→ BRIEF: Restate every line of the material below word for word, skipping the images.

→ SOURCE DATA:
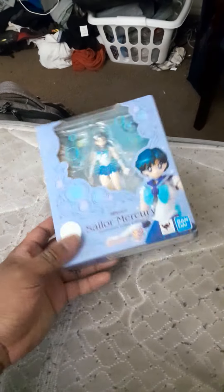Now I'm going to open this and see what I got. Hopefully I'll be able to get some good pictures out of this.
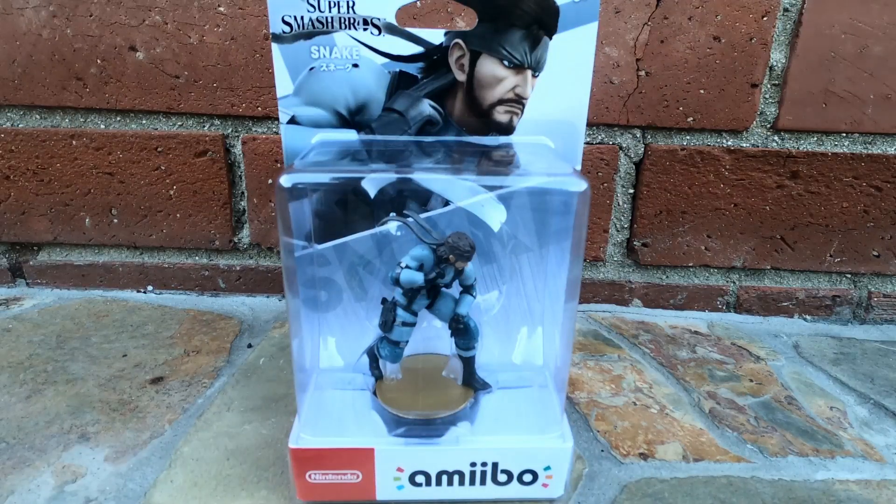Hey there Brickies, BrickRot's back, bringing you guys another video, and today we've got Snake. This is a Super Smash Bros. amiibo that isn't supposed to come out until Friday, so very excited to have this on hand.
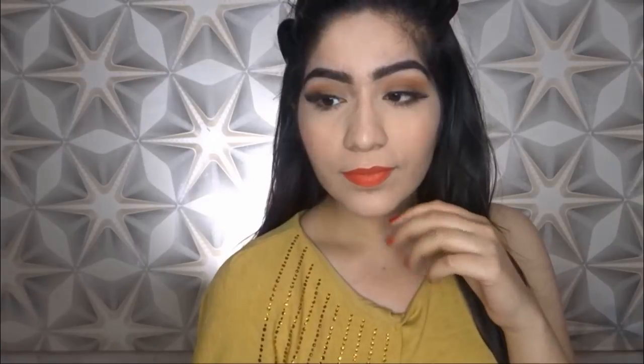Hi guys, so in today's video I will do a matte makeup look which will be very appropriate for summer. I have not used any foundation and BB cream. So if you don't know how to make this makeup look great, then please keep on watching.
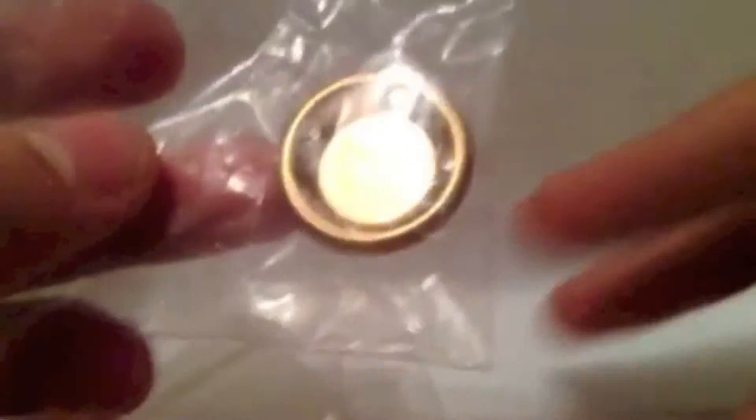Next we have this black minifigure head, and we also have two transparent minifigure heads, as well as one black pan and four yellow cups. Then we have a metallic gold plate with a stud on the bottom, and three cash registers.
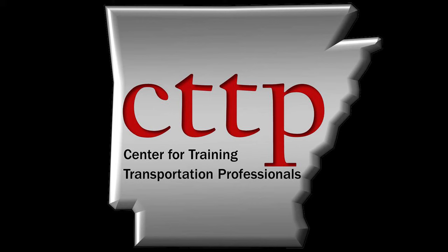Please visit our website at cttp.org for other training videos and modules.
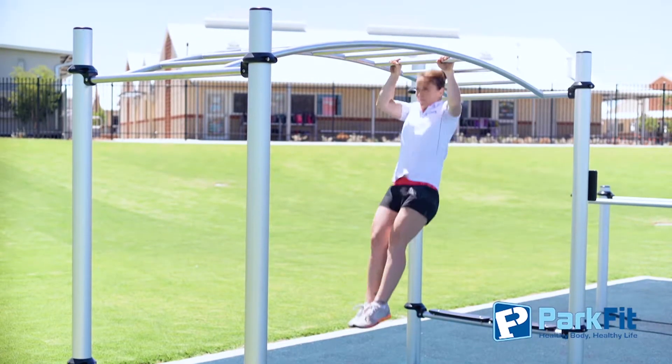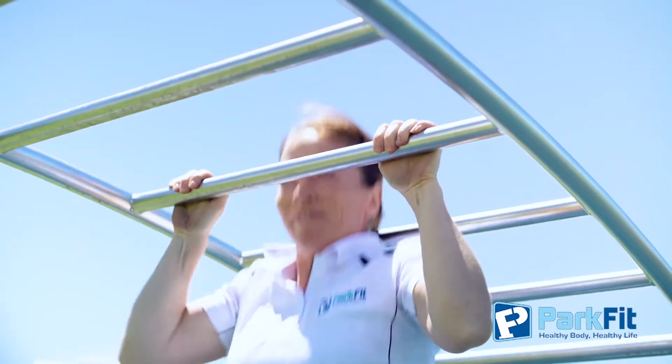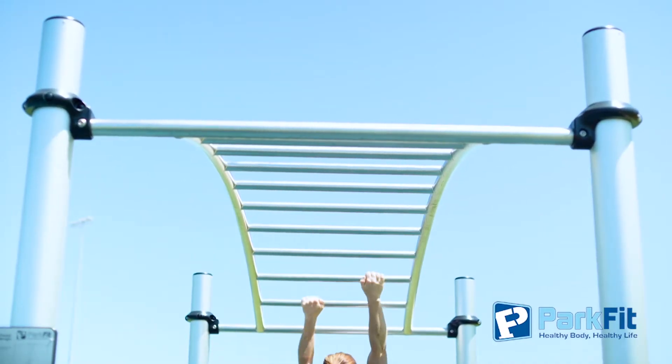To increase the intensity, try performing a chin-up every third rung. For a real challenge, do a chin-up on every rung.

→ EXERCISE RESPONSE:
Now I'm going to open this and see what I got. Hopefully I'll be able to get some good pictures out of this.
Hey there Brickies, BrickRot's back, bringing you guys another video, and today we've got Snake. This is a Super Smash Bros. amiibo that isn't supposed to come out until Friday, so very excited to have this on hand.
Hi guys, so in today's video I will do a matte makeup look which will be very appropriate for summer. I have not used any foundation and BB cream. So if you don't know how to make this makeup look great, then please keep on watching.
Next we have this black minifigure head, and we also have two transparent minifigure heads, as well as one black pan and four yellow cups. Then we have a metallic gold plate with a stud on the bottom, and three cash registers.
Please visit our website at cttp.org for other training videos and modules.
To increase the intensity, try performing a chin-up every third rung. For a real challenge, do a chin-up on every rung.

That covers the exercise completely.